## YOUR ASSIGNMENT:
From the entries below, return exactly the lines beginning at the one that contains "Vintage 1952 S" and ending at the one that contains "Mug with Whanganui", both of them included, and only those lines.

## DATA FOR REVIEW:
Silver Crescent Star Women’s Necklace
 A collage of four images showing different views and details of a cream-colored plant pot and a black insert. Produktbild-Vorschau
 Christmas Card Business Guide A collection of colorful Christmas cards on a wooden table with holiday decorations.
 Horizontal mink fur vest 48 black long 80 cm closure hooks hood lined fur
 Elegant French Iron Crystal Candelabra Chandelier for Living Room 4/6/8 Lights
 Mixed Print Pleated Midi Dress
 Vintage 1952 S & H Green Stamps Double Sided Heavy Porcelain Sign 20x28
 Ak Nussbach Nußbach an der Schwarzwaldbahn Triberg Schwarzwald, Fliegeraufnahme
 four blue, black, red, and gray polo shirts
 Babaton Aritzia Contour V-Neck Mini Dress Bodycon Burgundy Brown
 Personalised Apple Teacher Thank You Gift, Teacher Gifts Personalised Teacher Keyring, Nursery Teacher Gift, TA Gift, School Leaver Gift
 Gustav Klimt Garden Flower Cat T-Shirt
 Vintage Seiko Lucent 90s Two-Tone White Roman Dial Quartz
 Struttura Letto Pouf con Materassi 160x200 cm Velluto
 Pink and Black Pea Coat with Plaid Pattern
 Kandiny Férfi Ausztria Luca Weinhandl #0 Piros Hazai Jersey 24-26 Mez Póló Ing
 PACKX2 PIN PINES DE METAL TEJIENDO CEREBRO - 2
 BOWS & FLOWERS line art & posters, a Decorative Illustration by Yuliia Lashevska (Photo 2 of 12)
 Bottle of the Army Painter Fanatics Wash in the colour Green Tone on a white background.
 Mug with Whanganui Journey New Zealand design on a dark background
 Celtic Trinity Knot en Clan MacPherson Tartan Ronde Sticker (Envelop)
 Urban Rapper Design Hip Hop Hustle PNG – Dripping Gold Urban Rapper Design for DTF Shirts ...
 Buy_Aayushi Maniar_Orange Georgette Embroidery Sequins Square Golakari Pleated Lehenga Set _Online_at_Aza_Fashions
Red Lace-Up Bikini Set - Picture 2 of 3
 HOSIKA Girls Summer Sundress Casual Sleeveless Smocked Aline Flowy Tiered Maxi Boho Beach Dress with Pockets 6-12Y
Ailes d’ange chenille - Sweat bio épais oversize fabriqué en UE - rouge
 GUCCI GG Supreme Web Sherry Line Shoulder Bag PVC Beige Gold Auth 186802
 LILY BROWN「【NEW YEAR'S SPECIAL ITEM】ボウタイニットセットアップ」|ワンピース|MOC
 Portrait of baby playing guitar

## RESULT OF THIS EXERCISE:
 Vintage 1952 S & H Green Stamps Double Sided Heavy Porcelain Sign 20x28
 Ak Nussbach Nußbach an der Schwarzwaldbahn Triberg Schwarzwald, Fliegeraufnahme
 four blue, black, red, and gray polo shirts
 Babaton Aritzia Contour V-Neck Mini Dress Bodycon Burgundy Brown
 Personalised Apple Teacher Thank You Gift, Teacher Gifts Personalised Teacher Keyring, Nursery Teacher Gift, TA Gift, School Leaver Gift
 Gustav Klimt Garden Flower Cat T-Shirt
 Vintage Seiko Lucent 90s Two-Tone White Roman Dial Quartz
 Struttura Letto Pouf con Materassi 160x200 cm Velluto
 Pink and Black Pea Coat with Plaid Pattern
 Kandiny Férfi Ausztria Luca Weinhandl #0 Piros Hazai Jersey 24-26 Mez Póló Ing
 PACKX2 PIN PINES DE METAL TEJIENDO CEREBRO - 2
 BOWS & FLOWERS line art & posters, a Decorative Illustration by Yuliia Lashevska (Photo 2 of 12)
 Bottle of the Army Painter Fanatics Wash in the colour Green Tone on a white background.
 Mug with Whanganui Journey New Zealand design on a dark background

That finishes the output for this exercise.